Dünya tarihinin akışını değiştiren, çağ kapatıp çağ açan, Hz. Muhammed'in övgüsüne mazhar olan Fatih Sultan Mehmed'in İstanbul'u fethinin 567. yılı, kutlanıyor. 

Babası Sultan II. Murad'ın ölümünün ardından 1451'de ikinci kez tahta çıkan II. Mehmed, İstanbul'u kuşatma hazırlıklarına 1451 sonlarında başladı. II. Mehmed ilk olarak Boğaz'ın Anadolu yakasında büyük dedesi Bayezid'in yaptırmış olduğu Anadolu Hisarı'nın karşısına o dönemde Boğazkesen adı verilen Rumeli Hisarı'nın inşa emrini verdi.

İmparator Konstantin, II. Mehmed'e hisarın yapımı için kendisinden izin alması gerektiğini bildirmek için elçiler gönderdi ancak Mehmed elçileri kabul etmedi. İmparator en son 1452'nin Haziran ayında barış görüşmeleri için bir kere daha elçilerini gönderdi ancak Mehmed elçileri yine reddetti. Hisar 1452'nin Ağustos ayında tamamlandı. Böylece boğazın kontrolü Osmanlıların eline geçmiş oldu.

Boğazdan geçecek gemiler bundan böyle geçiş için para ödemek zorundaydı. Aksi takdirde gemiler top atışıyla batırılacaktı. 1452 sonlarında ödeme yapmayı reddeden bir Venedik gemisi batırılarak kaptanı ve tayfası tutuklandı.

Bu gelişmeler karşısında İmparator Konstantinos, Papa ve İtalyan şehirlerinden umutsuzca yardım talebinde bulundu ama bu talebi sonuçsuz kaldı. Yalnızca Cenova 1452'nin kasım ayında yardım gönderdi. Konstantinopolis'teki asker sayısı 8 bin civarındaydı, limanda 26 savaş gemisi bulunuyordu.

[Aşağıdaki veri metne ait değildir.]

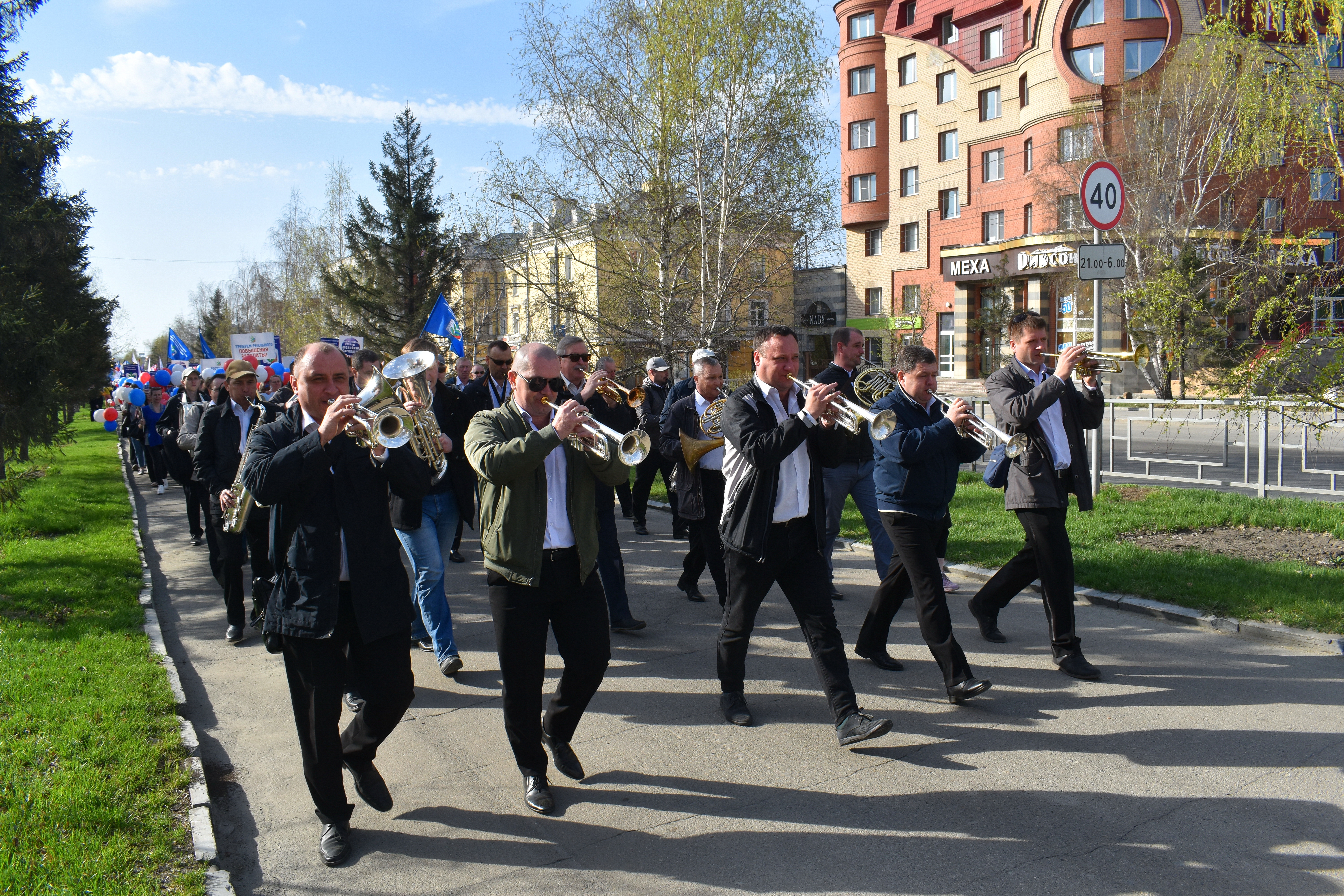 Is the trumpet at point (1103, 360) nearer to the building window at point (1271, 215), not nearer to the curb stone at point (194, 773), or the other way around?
the curb stone at point (194, 773)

Osmanlı ordusundaki asker sayısı ise en az 50 bindi.  Ayrıca II. Mehmed yalnızca karadan kuşatmanın yeterli olmayacağını düşünerek bir donanma hazırlatmıştı. Bu donanma bahar aylarında boğazın Marmara girişine ulaştı.

70 kadar gemi karadan Haliç'e indirildi

Osmanlı ordusu 23 Mart'ta Edirne'den hareket etti ve 2 Nisan'da Konstantinopolis surları önüne ulaştı. Aynı gün Haliç'in girişi zincirle kapatıldı. Karargahını Romanus kapısının karşısına Maltepe'ye kuran II. Mehmed son kez teslim çağrısında bulundu ama imparator reddetti.

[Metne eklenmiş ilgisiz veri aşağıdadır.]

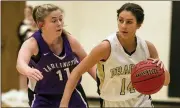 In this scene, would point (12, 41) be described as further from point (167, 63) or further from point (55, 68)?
point (55, 68)

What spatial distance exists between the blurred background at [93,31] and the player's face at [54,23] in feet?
8.19

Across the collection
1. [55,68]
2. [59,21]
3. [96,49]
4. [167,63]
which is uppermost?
[59,21]

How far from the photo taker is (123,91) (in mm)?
3049

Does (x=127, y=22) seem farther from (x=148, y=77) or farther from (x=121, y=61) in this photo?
(x=148, y=77)

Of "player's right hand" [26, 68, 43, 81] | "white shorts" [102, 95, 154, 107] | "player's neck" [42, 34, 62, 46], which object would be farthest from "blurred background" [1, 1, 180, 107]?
"player's right hand" [26, 68, 43, 81]

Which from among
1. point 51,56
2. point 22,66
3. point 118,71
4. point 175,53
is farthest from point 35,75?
point 175,53

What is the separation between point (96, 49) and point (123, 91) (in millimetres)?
458

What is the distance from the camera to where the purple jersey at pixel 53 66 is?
3.19 m

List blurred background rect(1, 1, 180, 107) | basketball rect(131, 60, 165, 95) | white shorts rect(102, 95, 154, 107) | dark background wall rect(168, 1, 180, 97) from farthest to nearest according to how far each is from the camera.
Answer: blurred background rect(1, 1, 180, 107) → dark background wall rect(168, 1, 180, 97) → white shorts rect(102, 95, 154, 107) → basketball rect(131, 60, 165, 95)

6 Nisan sabahı ilk saldırı başladı. Kuşatma, aralıklı çatışmalarla sürdü. 20 Nisan günü Papa'nın gönderdiği üç Ceneviz gemisi ve Sicilya'dan gelen bir Rum yük gemisi şehrin açıklarında belirdi. Marmara Denizi'nde yapılan savaşın sonunda akşam saatlerinde dört gemi Haliç'e girmeyi başardı. Donanmasını bir şekilde Haliç'e indirmesi gerektiğini anlayan II. Mehmed, gemilerini karadan geçirmeye karar verdi.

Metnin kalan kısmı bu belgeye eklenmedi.